Department Augmented Vision, German Research Center for Artificial Intelligence (DFKI), 67663 Kaiserslautern, Germany.
Department of Computer Graphics, Max Planck Institute for Informatics, 66123 Saarbrücken, Germany.
Sensors (Basel). 2019 Oct 22;19(20):4603. doi: 10.3390/s19204603.

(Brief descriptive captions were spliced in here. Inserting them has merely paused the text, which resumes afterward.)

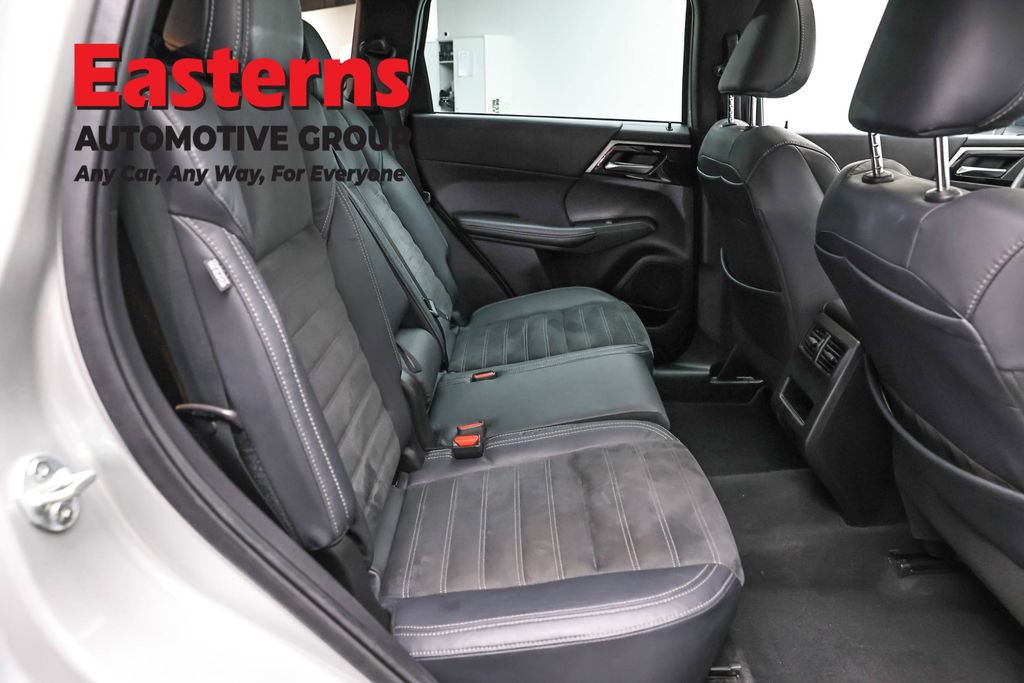 Used 2022 Mitsubishi Outlander SE image 21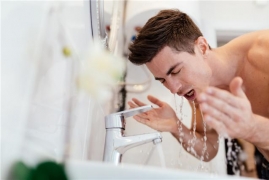 香皂可以用来洗脸吗，用肥皂洗脸有什么好处和坏处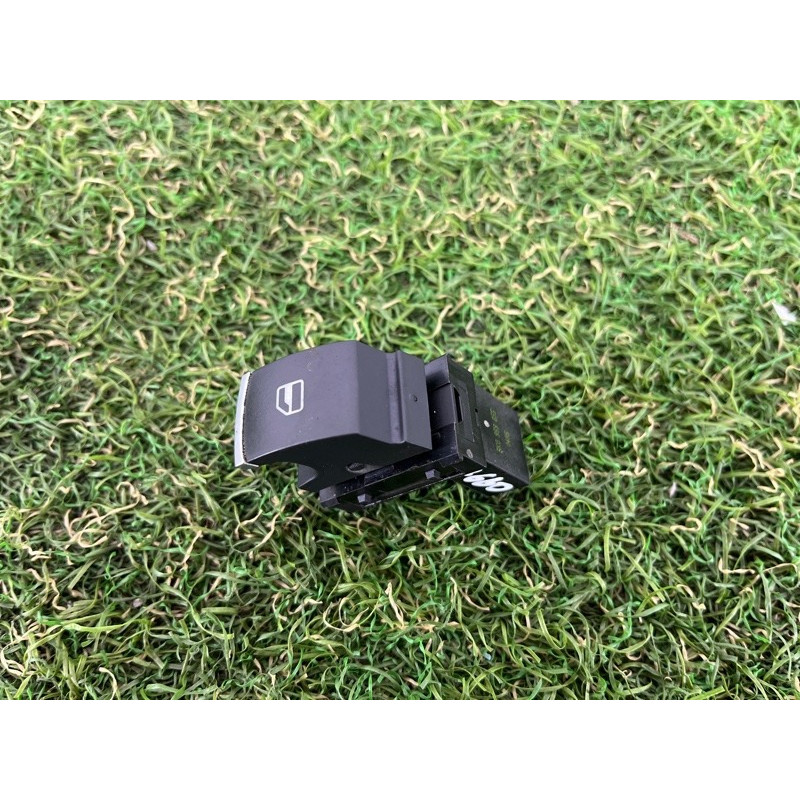 Кнопка стеклоподъемника (электрика / кнопки) Volkswagen Passat B7 2016 1.8 5K0959855XSH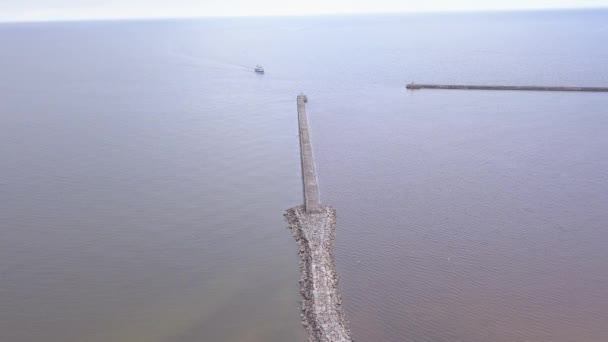 Nave Andando Harbor Roja Lettonia Veduta Aerea Della Campagna Drone — Video Stock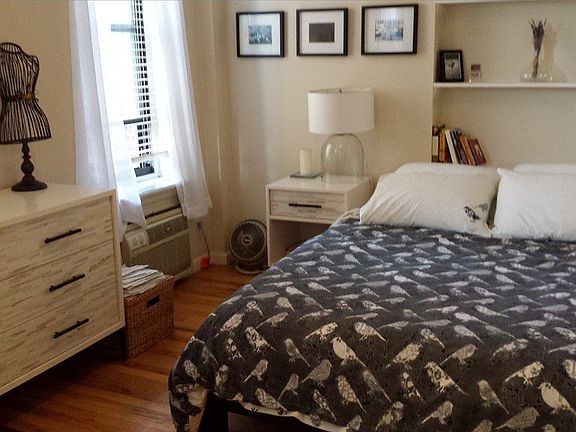 4th image of 112 W 72nd St APT 10E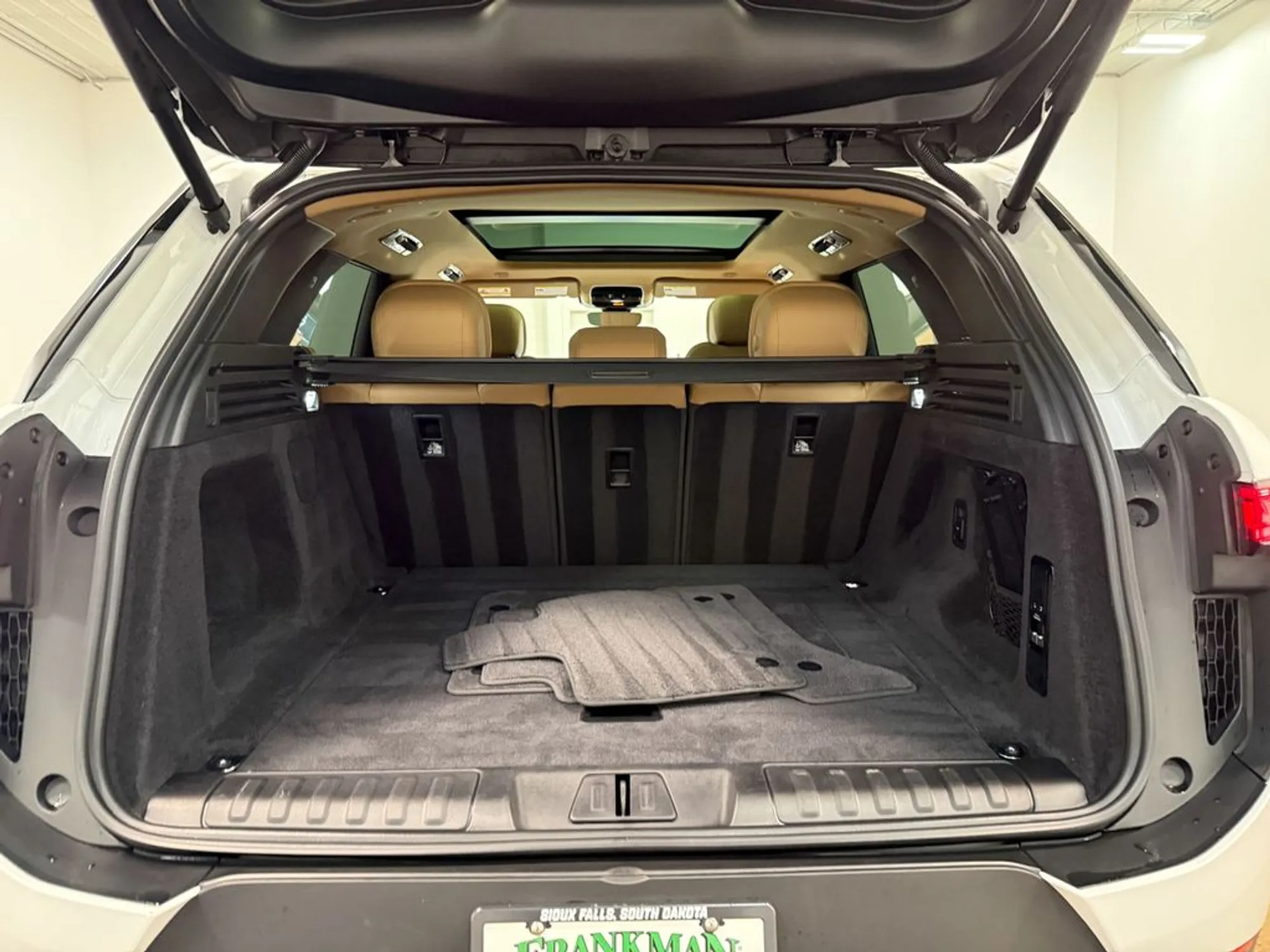 2025 Land Rover Range Rover Sport SE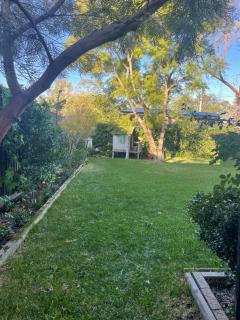 -The Garden Room - with Private Entrance & Private Bathroom - Wentworthville - 4
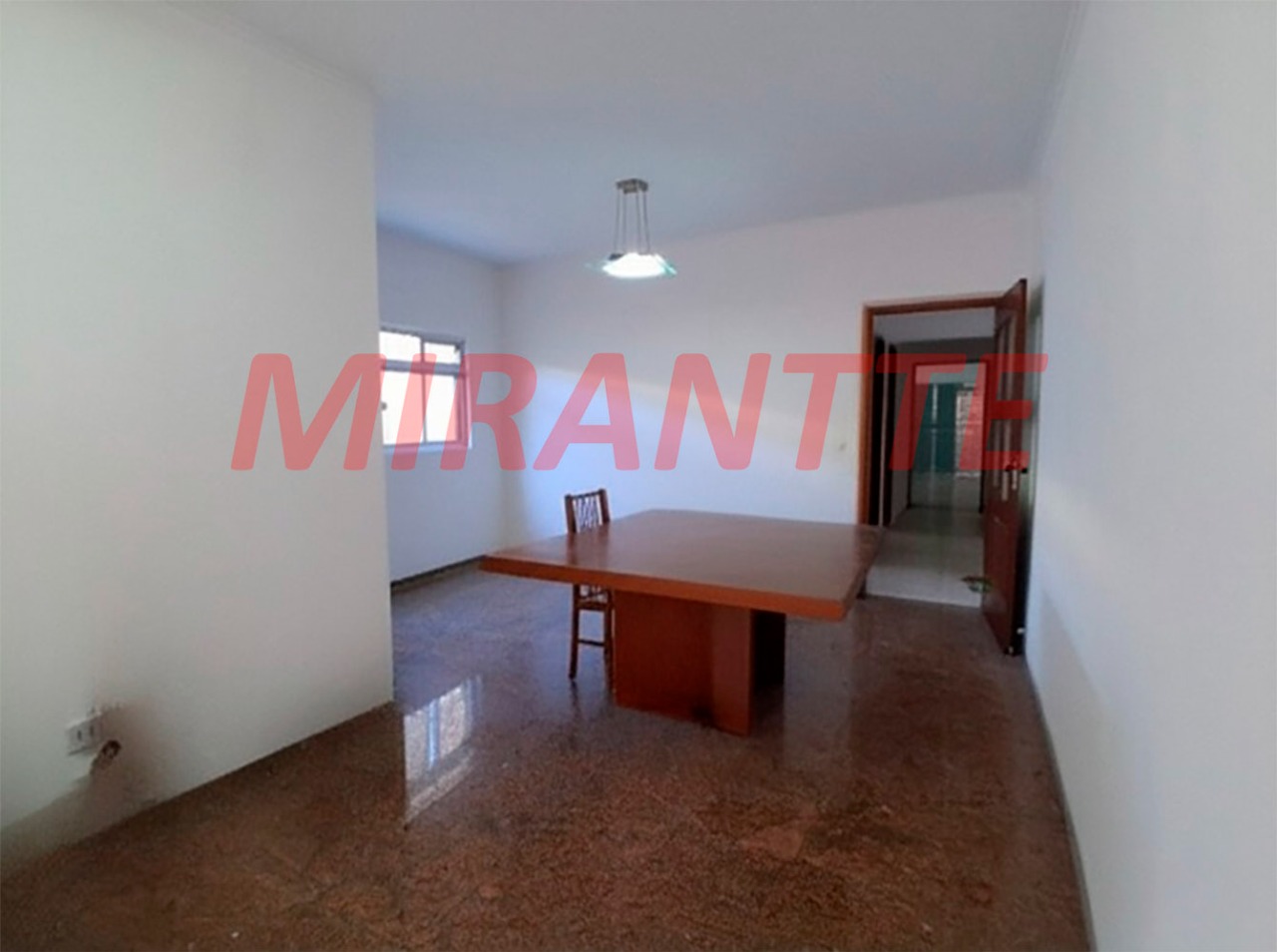 Sobrado de 274m² com 4 quartos em Vila Guilherme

Recovery of articulated 3D structure from 2D observations is a challenging computer vision problem with many applications. Current learning-based approaches achieve state-of-the-art accuracy on public benchmarks but are restricted to specific types of objects and motions covered by the training datasets. Model-based approaches do not rely on training data but show lower accuracy on these datasets. In this paper, we introduce a model-based method called (SfAM), which can recover multiple object and motion types without training on extensive data collections. At the same time, it performs on par with learning-based state-of-the-art approaches on public benchmarks and outperforms previous non-rigid structure from motion (NRSfM) methods. SfAM is built upon a general-purpose NRSfM technique while integrating a soft spatio-temporal constraint on the bone lengths. We use alternating optimization strategy to recover optimal geometry (i.e., bone proportions) together with 3D joint positions by enforcing the bone lengths consistency over a series of frames. SfAM is highly robust to noisy 2D annotations, generalizes to arbitrary objects and does not rely on training data, which is shown in extensive experiments on public benchmarks and real video sequences. We believe that it brings a new perspective on the domain of monocular 3D recovery of articulated structures, including human motion capture.
从二维观测中恢复关节 3D 结构是一个具有广泛应用的计算机视觉难题。当前基于学习的方法在公共基准测试中达到了最先进的准确性,但仅限于训练数据集涵盖的特定类型的对象和运动。基于模型的方法不依赖于训练数据,但在这些数据集上的准确性较低。在本文中,我们介绍了一种名为(SfAM)的基于模型的方法,它可以在不依赖于广泛数据集合的情况下恢复多种对象和运动类型。同时,它在公共基准测试上与基于学习的最先进方法表现相当,并优于以前的非刚性运动结构(NRSfM)方法。SfAM 建立在通用的 NRSfM 技术之上,同时在骨骼长度上集成了软时空约束。我们使用交替优化策略通过在一系列帧上强制骨骼长度的一致性来恢复最佳几何形状(即骨骼比例)和 3D 关节位置。SfAM 对噪声二维注释具有高度的鲁棒性,可泛化到任意对象,并且不依赖于训练数据,这在公共基准测试和真实视频序列上的广泛实验中得到了证明。我们相信,它为包括人类运动捕捉在内的单目关节结构 3D 恢复领域带来了新的视角。